There’s more to it than you thinkJune 30, 2015 9:42
From ‘bling’ to bargain basement
Dubai retailers are expected to drop their obsession with luxury, and start to offer goods at more competitive prices.
April 5, 2010 3:57 by kippreport
Anyone fancy a bit of bargain-hunting at Mall of the Emirates?
It’s a strange question – not least, because the posh malls of Dubai are known primarily for their exorbitant prices and luxury goods, rather than knock-down prices.
But in the fallout of the financial crisis, this could change. Retailers are expected to play down the exclusive, ‘luxury’ image, and refocus their efforts to offer better value for money.
According to a report issued today by real estate services firm Jones Lang Lasalle, the obsession with luxury brands is fading, with Dubai shops looking for “a back-to-basics approach”.
“Consumer shopping budgets have been reduced significantly. This represents a shift away from luxury driven retail. For retailers and mall owners, there is now heightened competition to aggressively capture shoppers’ interests and disposable income,” the report said.
“For the remainder of 2010 and beyond, Dubai’s retail market is likely to [see] an increased emphasis on competitive pricing, creative marketing programs, convenience shopping and value for money… This trend is likely to result in the repositioning of both existing and new retail centers away from the previous focus on luxury brands towards value merchandising.”
The Jones Lang Lasalle report said that the future health of the retail market “will be primarily driven by the speed with which retail spending increases across Dubai”.

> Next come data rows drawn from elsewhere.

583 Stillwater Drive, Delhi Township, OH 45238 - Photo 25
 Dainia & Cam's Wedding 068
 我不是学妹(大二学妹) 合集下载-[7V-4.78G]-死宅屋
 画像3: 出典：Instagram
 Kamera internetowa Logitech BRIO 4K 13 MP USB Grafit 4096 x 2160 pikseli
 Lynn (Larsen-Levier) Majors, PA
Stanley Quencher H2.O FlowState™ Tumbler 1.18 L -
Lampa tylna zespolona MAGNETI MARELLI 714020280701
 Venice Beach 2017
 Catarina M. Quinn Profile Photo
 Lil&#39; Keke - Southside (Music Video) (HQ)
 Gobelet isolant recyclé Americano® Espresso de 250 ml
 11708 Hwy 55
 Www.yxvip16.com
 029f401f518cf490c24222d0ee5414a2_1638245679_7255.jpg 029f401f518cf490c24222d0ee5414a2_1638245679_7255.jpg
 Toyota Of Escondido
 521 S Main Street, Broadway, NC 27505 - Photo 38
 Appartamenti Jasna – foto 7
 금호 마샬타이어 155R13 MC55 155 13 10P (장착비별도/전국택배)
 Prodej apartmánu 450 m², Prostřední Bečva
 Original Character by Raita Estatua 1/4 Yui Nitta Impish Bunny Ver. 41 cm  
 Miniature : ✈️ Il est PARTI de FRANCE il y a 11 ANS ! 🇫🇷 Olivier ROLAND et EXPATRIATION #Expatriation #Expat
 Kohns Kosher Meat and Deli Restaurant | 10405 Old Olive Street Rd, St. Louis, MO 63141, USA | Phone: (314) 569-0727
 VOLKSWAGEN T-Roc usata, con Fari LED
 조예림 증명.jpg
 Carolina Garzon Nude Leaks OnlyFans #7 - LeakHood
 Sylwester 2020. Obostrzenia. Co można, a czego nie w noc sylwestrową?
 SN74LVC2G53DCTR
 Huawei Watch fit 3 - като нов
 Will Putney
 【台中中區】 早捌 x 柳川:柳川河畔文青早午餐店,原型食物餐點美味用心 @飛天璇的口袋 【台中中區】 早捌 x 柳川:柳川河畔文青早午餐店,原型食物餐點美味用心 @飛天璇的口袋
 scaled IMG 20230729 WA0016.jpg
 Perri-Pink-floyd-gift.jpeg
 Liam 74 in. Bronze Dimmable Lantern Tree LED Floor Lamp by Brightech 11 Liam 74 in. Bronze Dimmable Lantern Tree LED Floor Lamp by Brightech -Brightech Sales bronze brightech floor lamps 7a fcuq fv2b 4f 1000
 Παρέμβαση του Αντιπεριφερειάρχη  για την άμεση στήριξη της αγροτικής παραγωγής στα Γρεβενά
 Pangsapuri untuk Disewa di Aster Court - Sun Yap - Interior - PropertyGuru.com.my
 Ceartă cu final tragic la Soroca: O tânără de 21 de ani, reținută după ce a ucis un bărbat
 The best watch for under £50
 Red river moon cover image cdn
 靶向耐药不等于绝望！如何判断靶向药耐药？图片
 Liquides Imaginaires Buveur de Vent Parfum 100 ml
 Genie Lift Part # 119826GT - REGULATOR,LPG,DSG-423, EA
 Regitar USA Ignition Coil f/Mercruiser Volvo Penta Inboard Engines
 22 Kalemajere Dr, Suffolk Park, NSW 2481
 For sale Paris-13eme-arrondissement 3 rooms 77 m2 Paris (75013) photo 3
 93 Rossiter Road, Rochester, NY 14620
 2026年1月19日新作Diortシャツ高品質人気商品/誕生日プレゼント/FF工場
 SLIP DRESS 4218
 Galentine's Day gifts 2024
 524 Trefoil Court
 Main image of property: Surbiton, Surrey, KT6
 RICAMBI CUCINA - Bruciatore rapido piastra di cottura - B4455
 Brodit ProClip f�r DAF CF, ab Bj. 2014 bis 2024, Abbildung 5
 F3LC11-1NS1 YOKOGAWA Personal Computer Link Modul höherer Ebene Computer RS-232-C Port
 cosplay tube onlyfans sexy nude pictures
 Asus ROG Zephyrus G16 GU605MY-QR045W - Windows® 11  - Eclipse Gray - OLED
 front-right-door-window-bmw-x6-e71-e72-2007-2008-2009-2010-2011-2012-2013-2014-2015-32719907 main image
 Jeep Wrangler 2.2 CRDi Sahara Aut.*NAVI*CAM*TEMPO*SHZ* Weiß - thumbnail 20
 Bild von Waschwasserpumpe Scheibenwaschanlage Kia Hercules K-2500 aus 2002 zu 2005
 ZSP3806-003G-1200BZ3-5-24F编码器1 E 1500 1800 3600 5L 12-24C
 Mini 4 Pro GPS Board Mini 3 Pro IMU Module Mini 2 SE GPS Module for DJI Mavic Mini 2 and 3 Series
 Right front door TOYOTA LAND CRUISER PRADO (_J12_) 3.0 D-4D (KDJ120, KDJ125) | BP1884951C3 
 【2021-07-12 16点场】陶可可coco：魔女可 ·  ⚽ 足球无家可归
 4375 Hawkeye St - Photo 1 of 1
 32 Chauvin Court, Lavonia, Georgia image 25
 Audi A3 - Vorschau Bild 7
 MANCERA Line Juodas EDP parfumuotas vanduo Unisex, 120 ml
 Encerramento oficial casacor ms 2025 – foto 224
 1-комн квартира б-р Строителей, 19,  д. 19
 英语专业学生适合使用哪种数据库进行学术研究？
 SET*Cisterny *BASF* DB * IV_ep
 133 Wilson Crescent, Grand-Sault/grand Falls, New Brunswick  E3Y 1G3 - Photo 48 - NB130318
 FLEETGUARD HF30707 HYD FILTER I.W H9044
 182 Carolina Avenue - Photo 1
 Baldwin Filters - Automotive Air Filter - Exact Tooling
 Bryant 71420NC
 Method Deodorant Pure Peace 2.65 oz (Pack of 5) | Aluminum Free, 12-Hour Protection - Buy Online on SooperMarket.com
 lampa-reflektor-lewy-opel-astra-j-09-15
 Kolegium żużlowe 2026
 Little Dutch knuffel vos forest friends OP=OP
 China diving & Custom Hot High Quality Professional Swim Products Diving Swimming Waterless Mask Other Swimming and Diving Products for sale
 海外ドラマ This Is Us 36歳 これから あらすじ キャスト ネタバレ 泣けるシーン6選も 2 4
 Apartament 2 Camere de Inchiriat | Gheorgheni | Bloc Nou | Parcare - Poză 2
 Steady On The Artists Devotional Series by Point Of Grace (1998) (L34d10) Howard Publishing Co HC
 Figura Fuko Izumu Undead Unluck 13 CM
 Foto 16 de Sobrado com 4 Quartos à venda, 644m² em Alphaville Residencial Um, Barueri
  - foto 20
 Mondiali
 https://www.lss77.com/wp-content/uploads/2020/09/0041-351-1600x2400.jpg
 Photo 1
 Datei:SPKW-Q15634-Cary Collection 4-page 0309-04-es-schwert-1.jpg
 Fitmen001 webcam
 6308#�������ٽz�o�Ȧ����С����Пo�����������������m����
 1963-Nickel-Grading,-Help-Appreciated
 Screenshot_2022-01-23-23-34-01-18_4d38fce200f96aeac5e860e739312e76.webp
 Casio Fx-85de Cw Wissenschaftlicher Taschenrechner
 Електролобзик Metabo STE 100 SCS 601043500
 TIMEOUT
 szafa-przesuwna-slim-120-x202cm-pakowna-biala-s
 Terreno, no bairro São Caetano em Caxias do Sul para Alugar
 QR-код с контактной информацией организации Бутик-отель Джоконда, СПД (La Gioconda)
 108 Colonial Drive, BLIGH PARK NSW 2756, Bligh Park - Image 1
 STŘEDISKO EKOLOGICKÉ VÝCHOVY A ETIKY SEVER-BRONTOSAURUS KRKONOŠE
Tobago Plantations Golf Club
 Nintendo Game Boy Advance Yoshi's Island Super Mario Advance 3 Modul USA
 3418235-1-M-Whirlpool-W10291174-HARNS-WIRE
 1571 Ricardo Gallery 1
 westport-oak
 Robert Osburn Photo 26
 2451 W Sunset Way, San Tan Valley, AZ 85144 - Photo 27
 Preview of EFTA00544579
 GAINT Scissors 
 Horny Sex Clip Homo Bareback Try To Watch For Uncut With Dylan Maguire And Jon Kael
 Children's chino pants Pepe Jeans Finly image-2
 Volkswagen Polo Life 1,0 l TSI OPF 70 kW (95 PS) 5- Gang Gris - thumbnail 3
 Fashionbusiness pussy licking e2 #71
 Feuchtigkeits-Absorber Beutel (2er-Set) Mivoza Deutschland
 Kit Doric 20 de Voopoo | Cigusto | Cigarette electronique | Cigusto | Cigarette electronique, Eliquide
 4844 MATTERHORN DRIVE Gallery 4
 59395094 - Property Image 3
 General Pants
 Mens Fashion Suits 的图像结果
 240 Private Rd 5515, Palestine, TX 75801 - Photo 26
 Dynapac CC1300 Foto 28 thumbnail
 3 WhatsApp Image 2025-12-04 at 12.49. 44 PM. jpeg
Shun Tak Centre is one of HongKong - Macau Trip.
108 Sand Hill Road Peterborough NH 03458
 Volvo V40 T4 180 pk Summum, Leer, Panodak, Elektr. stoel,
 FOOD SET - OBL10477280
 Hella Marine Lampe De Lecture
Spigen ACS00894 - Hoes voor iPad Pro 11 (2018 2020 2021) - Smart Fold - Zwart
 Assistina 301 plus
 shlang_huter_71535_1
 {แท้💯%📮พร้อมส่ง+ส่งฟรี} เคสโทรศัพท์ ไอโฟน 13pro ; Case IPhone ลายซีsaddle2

“Retailers and mall owners reported a typical decline of at least 20 percent in retail sales during 2009. Anecdotal evidence suggests that retail sales are now starting to recover, with increased footfall and turnover being reported by some retailers during the recent Dubai Shopping Festival. The Dubai Chamber of Commerce reports that total retail spending in Dubai is expected to increase by around 4 percent in 2010 and by more than 8 percent in 2011.”